Tuesday, city officials authorized Mayor Laurence Leyens to enter a deal under which Aquila will be paid $245 per team, $80 per game played and three-fourths of all utility costs. Aquila will pay a fourth of utility costs and provide all uniforms and equipment, pay umpires, scorekeepers and other incidentals. The group will also operate concessions.
Initial announcements in 2007 indicated construction to improve and modify the 16 baseball, softball and other facilities at the 66-acre park would be complete in time for spring, but a delayed environmental assessment of the 66-acre site has set the timetable back.
To ensure that youth leagues have a place to play this season, construction could be held off, said Dianne Switzer, Aquila’s chief operating officer.

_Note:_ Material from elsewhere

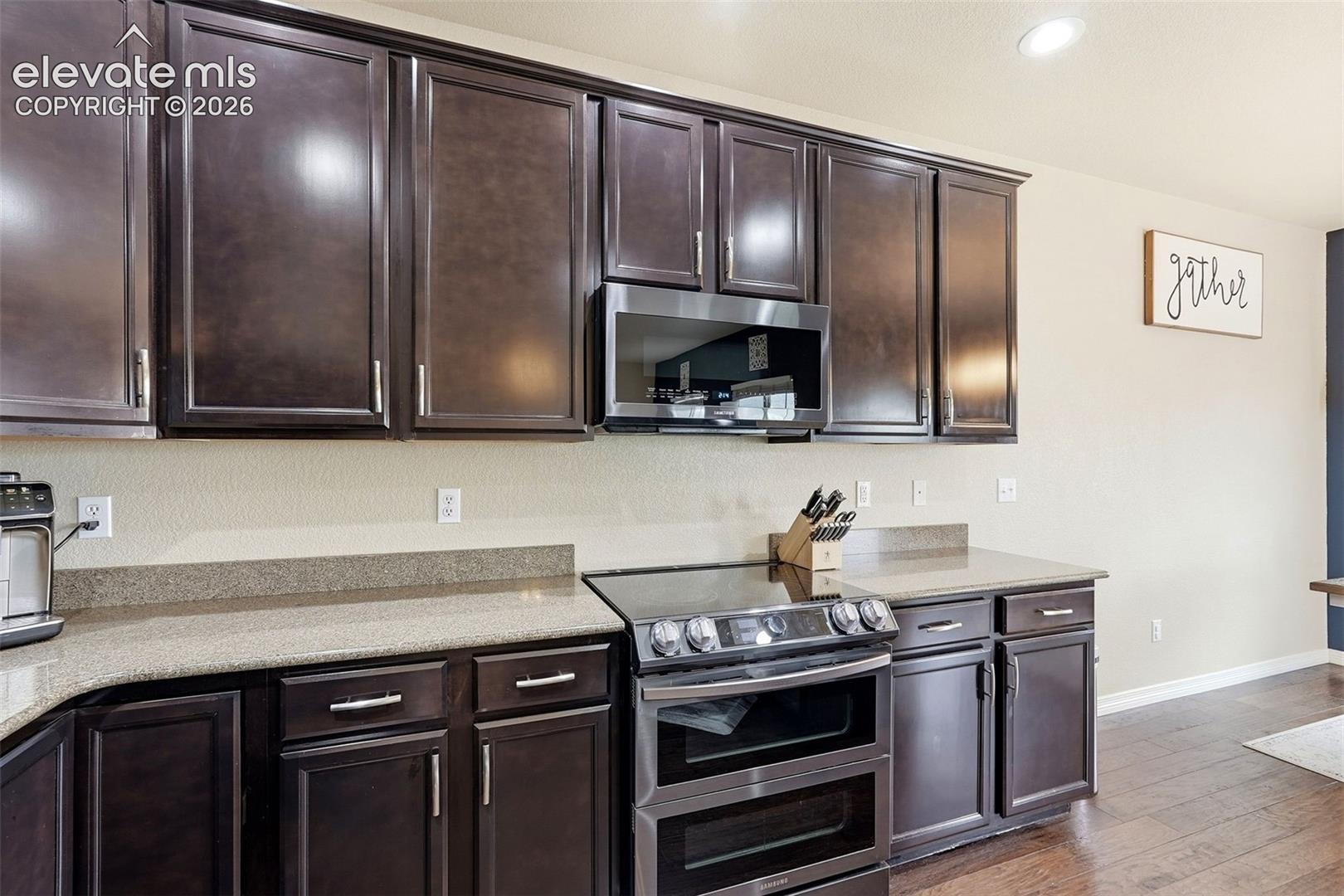 Listing photo 18 for 10567 Mount Evans Drive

A required study by the Mississippi Department of Environmental Quality of the portion of the site that once served as a city landfill has caused delays. Results, initially expected in December, are now hoped for by late February, South Ward Alderman Sid Beauman said. The study would complete a feasibility report being conducted by Florida-based USA Partners to determine whether Vicksburg could support the sports complex. Beauman has also called that study a formality, saying the privatization is, for all intents and purposes, a done deal.
Youth baseball will be organized under the newly formed Vicksburg-Warren Athletic Association, a combination of the Vicksburg Baseball Association and Culkin Athletic Association. Girls softball is also part of the deal.
Rick Smith, president of the Culkin Athletic Association, said the new nonprofit partnership will administer youth baseball at lower costs to many families, and that combination of the city and county organizations was spurred by the Aquila Group’s investment plans.
“Aquila will manage the facility for recreational play at Halls Ferry. We’re going to have a board that will be setting up the league,” Smith said. “All money will come through the Vicksburg-Warren Athletic Association.”